The position vectors of points \( P, Q, R \) are given as: \[ \vec{OP} = 7\mathbf{i} - 10\mathbf{j}, \quad \vec{OQ} = \mathbf{i} + 2\mathbf{j}, \quad \vec{OR} = 10\mathbf{j} - 3\mathbf{i}. \]
First, find vector \(\vec{PQ}\): \[ \vec{PQ} = \vec{OQ} - \vec{OP} = \begin{bmatrix} 1 \\ 2 \end{bmatrix} - \begin{bmatrix} 7 \\ -10 \end{bmatrix} = \begin{bmatrix} -6 \\ 12 \end{bmatrix}. \]
Next, find vector \(\vec{QR}\): \[ \vec{QR} = \vec{OR} - \vec{OQ} = \begin{bmatrix}-3 \\ 10\end{bmatrix} - \begin{bmatrix}1 \\ 2\end{bmatrix} = \begin{bmatrix}-4 \\ 8\end{bmatrix}. \]
Check if \(\vec{PQ}\) and \(\vec{QR}\) are scalar multiples: \[ \vec{PQ} = k \vec{QR}. \]

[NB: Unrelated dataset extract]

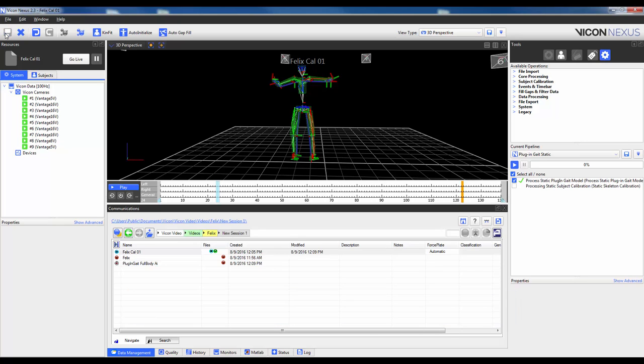So from here, I'd be ready to capture a dynamic trial by hitting go live, and then going into the data capture tab.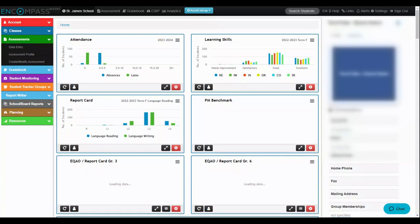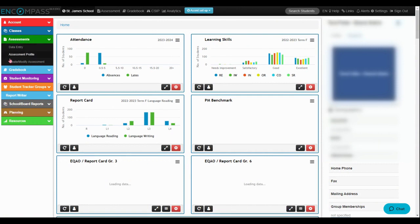This is a video on checking previous year's DIBL scores. So what I'm going to do is I'm going to head over to Assessment Profile under the Assessments banner.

That is: \[ \begin{bmatrix} 6\\ 12 \end{bmatrix} =k \begin{bmatrix} -4\\ 8 \end{bmatrix} \] Comparing components: \[ -6 = -4k \quad \Rightarrow \quad k = \tfrac{3}{2}, \] \[ 12 = 8k \quad \Rightarrow \quad k = \tfrac{3}{2}. \]
Since both values of \(k\) are equal, \(\vec{PQ}\) is parallel to \(\vec{QR}\). Thus, points \(P, Q, R\) are collinear.

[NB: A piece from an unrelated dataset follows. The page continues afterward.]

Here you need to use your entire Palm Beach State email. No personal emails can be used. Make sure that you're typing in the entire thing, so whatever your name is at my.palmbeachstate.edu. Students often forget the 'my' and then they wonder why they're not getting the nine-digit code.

The points with coordinates \((7, 10)\) and \((-3, 8)\) are the end points of a diameter of a cycle centre A. Determine the equation of the circle in the form \(x^2 + y^2 + ax + by + c = 0\) where \(a\), \(b\) and \(c\) are constants.
The centre \(A\) is the midpoint: \[ \text{Centre} = \left( \frac{x_1 + x_2}{2}, \frac{y_1 + y_2}{2} \right) = \left( \frac{7 + (-3)}{2}, \frac{10 + 8}{2} \right) = (2, 9). \]

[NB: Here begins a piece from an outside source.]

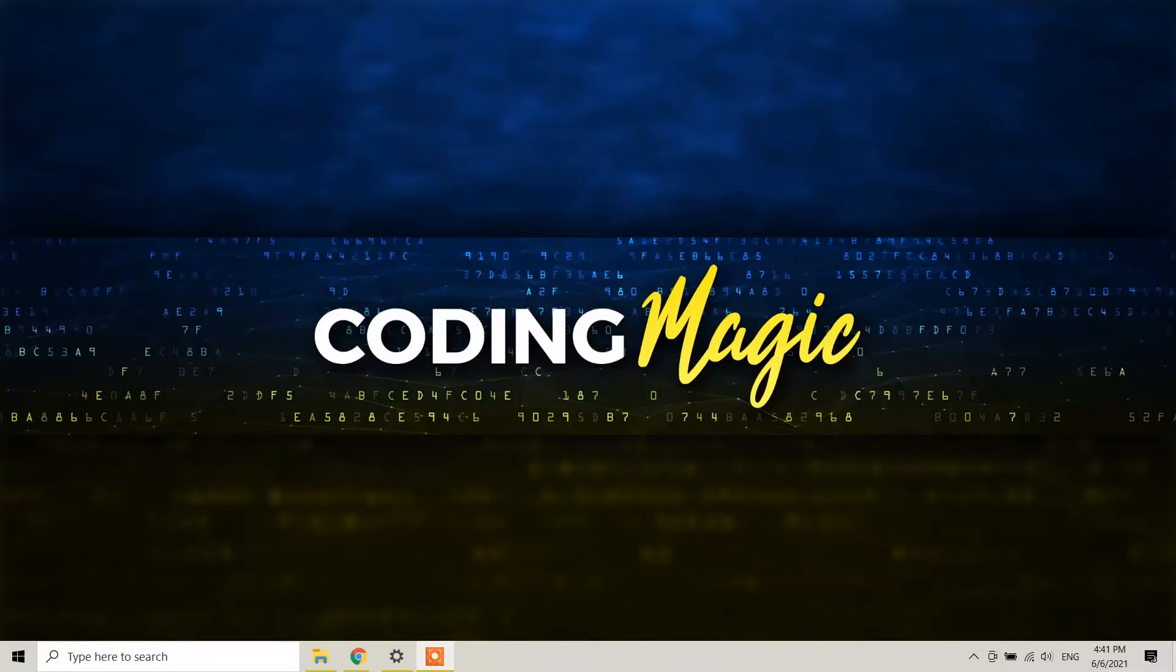Hello my friends, this is the YouTube channel Coding Magic and I'm going to show you today how we can install Visual Studio and C# on Windows 10.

The radius is: \[ r^2 = (7 - 2)^2 + (10 - 9)^2 = 25 + 1 = 26. \]
Equation of the circle: \[ (x - a)^2 + (y - b)^2 = r^2 \] \[ (x - 2)^2 + (y - 9)^2 = 26. \]
Equation of the circle: \[ (x - 2)^2 + (y - 9)^2 = 26 \]
Expand: \[ (x^2 - 4x + 4) + (y^2 - 18y + 81) = 26 \]
Simplify: \[ x^2 + y^2 - 4x - 18y + 85 = 26 \]
\[ x^2 + y^2 - 4x - 18y + 59 = 0 \]
Therefore, the equation of the circle in the form \[ x^2 + y^2 + ax + by + c = 0 \] is \[ x^2 + y^2 - 4x - 18y + 59 = 0. \]